◆ INSTRUCTIONS TO FOLLOW: What you submit must be an exact copy of the listing below, with no images in it.

◆ STORED DATA:

↓↓↓

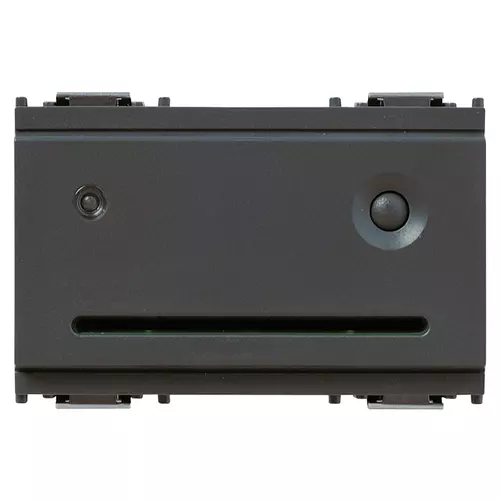 Vimar - 16461 - Lettore/programmatore smart card grigio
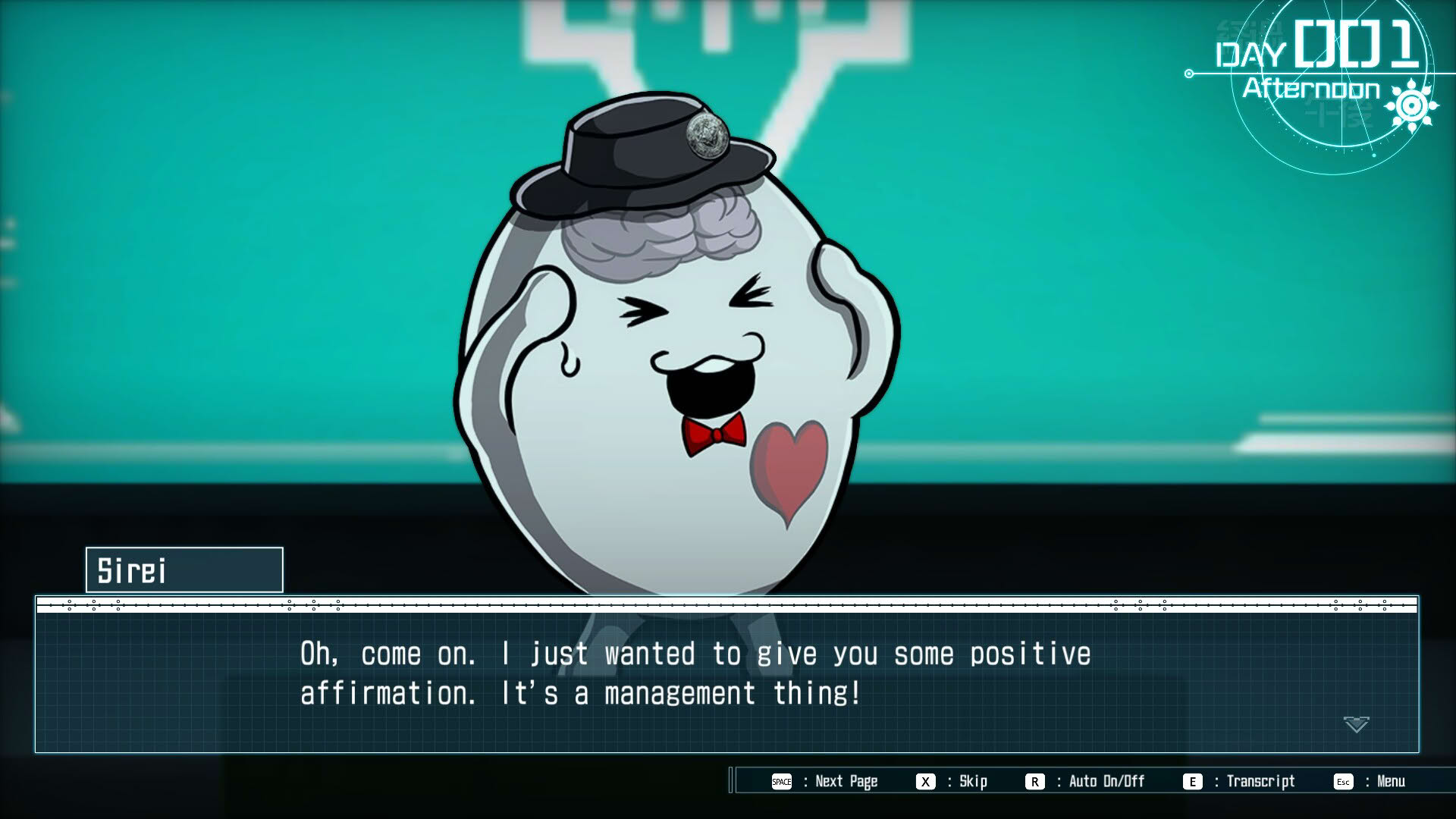 Screenshot for The Hundred Line: Last Defense Academy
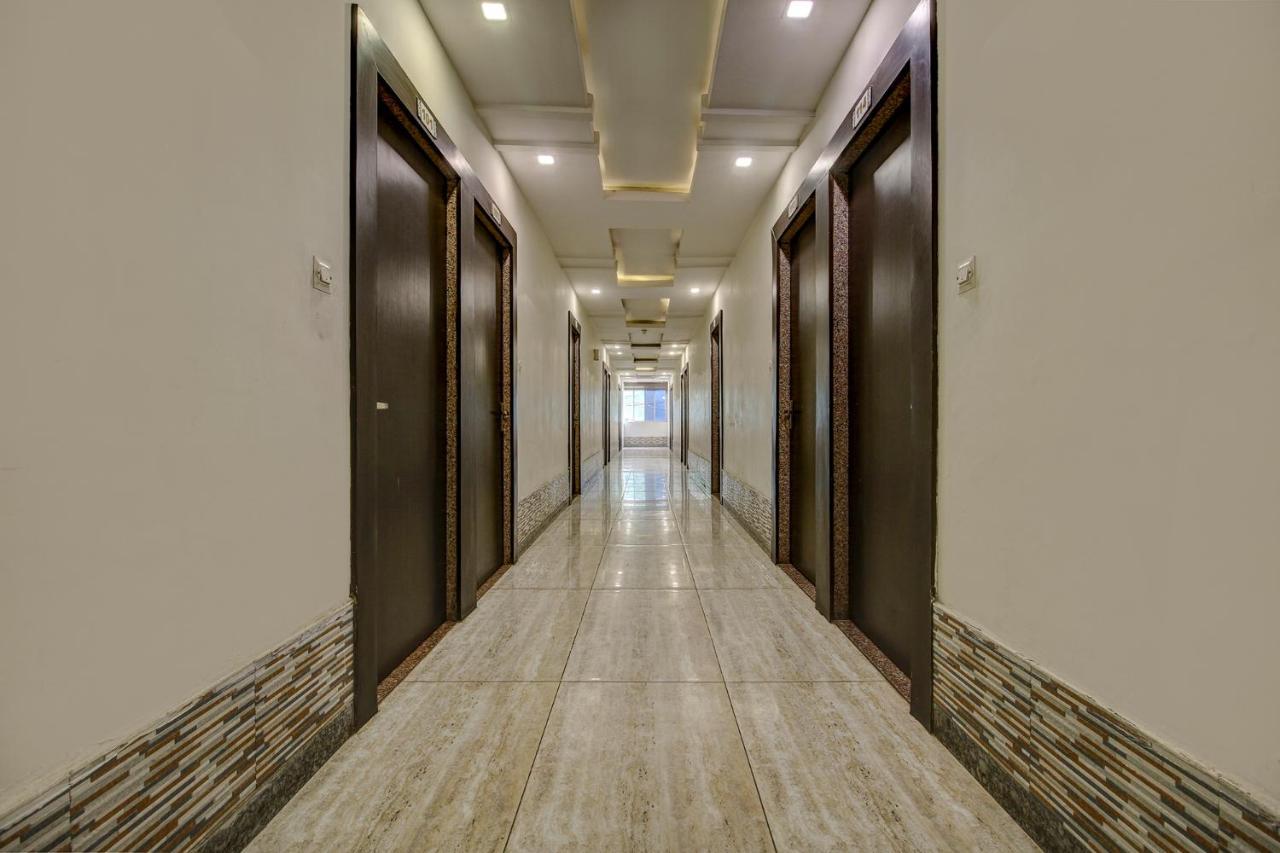 FabHotel CSFC Bhopal Exterior foto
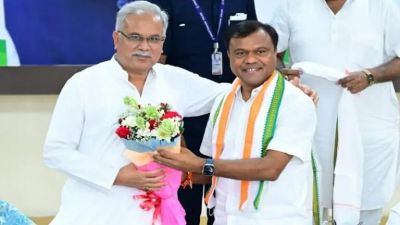 PCC की बैठक आज, बैज, पूर्व सीएम भूपेश बघेल सहित कार्यकारिणी सदस्य रहेंगे मौजूद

↑↑↑

◆ TASK RESPONSE:
 Vimar - 16461 - Lettore/programmatore smart card grigio
 Screenshot for The Hundred Line: Last Defense Academy
 FabHotel CSFC Bhopal Exterior foto
 PCC की बैठक आज, बैज, पूर्व सीएम भूपेश बघेल सहित कार्यकारिणी सदस्य रहेंगे मौजूद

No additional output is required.